My dad patted my shoulder sympathetically as he stood. "You're letting your stress get to you. And you know what I do about that?"
I knew.
See, my dad had spent his entire life in California, except for when he was backpacking the world and volunteering in 3rd world countries. He was a humanitarian hippie with all the optimism in the world hidden in his goatee, probably. But my dad was so freaking smart, just in like, a guru type way. My mom was all logical and calculated and organized, but my dad was wise and worldly and everywhere at once, but balanced. That was why he was a therapist or psychologist or whatever they're called. All I knew was that he was a damn genius when it came to reading people and figuring out why they were a certain way based on aspects of their lives. It was weirdly uncanny, and sometimes I found myself wondering if he somehow had psychic powers from all the green he smoked.

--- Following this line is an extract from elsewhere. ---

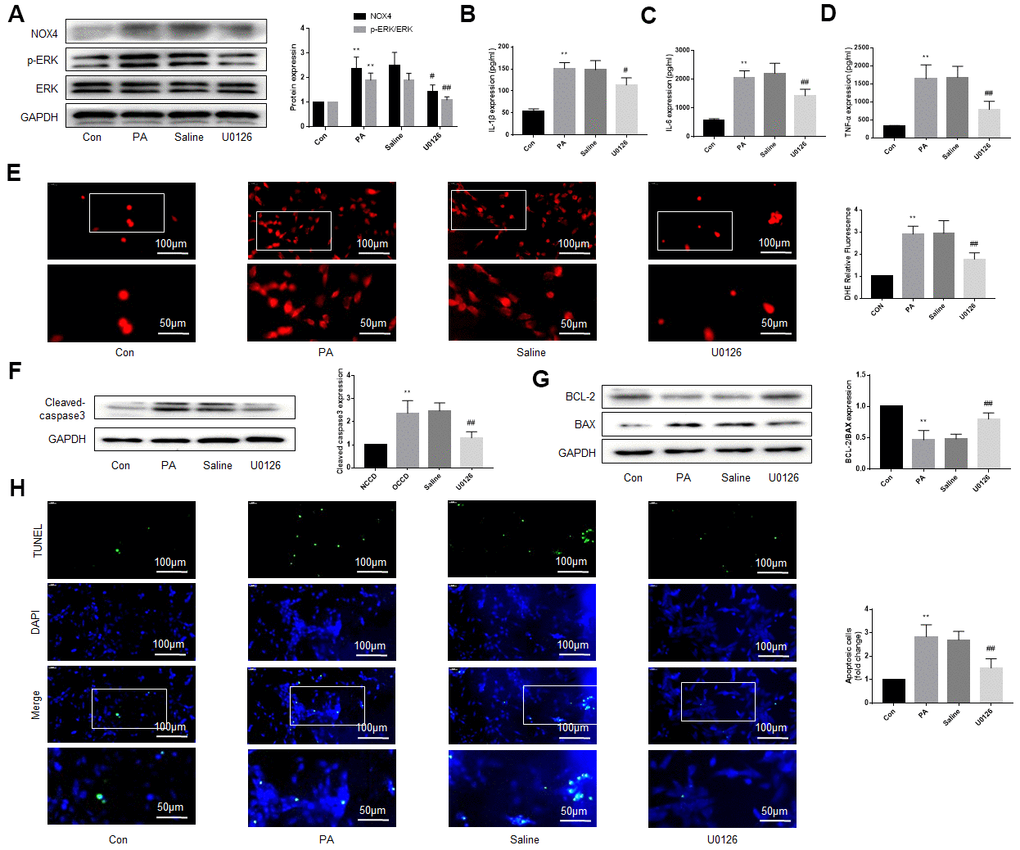 An ERK inhibitor improves NOX4 expression, inflammation, oxidative stress and apoptotic level of DRG neurons cultured in PA-added medium in vitro. PA was applied to simulate a high-fat environment and U0126 to inhibit ERK. (A) The expression of p-ERK, ERK, and NOX4 in DRG neurons were detected by western blot. (B–D) The supernatant of cultured cells was collected and the secretion of IL-1β, IL-6, and TNF-α was determined by ELISA. (E) The ROS content was detected by oxidant-sensitive fluorescence probe DHE. (F, G) The expression of cleaved caspase3, bcl-2 and bax in DRG neurons were detected by western blot. (H) Cell apoptosis level was detected by TUNEL method. N = 5 per group, **P P P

I liked to think, in a lot of ways, that I could be like my dad when I grew up. At times, he was a parent—strict in all the right ways—but for the most part, he was my true best friend. Everything just seemed simpler when I talked to him about stuff. It was like he slowly peeled away all the excess layers of bullshit that somehow got caked onto life throughout the course of a day.
I watched him, now, sitting on the picnic table in our backyard with his barefeet on the bench and his pants rolled up around his calves like makeshift shorts. He held the rolled paper to his lips as his lighter sparked to life, and I felt my anxiety start to slowly melt away with just the sight of the smoke swimming in the air and the smell like soapy herb filling my nostrils.

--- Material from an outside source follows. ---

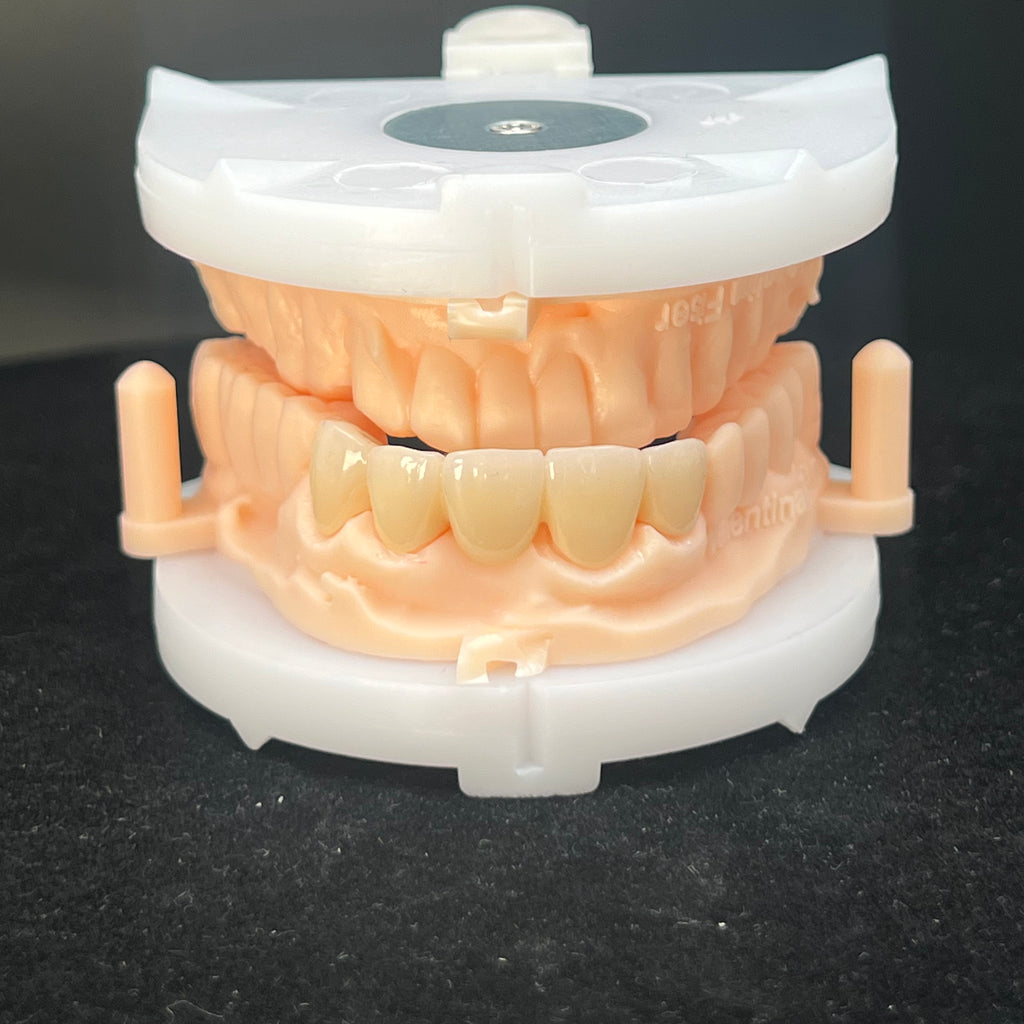 Multilayer Zirconia Bridges Aesthetic And Natural Restoration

Lungs filled up with smoke, he extended his hand as he passed it my waiting fingers. My lips met the end of the soft paper like a first kiss. Even though my day had just been ruined about 30 minutes ago, I felt like I'd been waiting for this pick-me-up all day as it trickled through my body and relaxed my muscles.
"So," my dad said, somehow not disruptive of the moment of peace we were enjoying. "Patrick's been blowing you off to go hang out with this Aaron guy, huh?"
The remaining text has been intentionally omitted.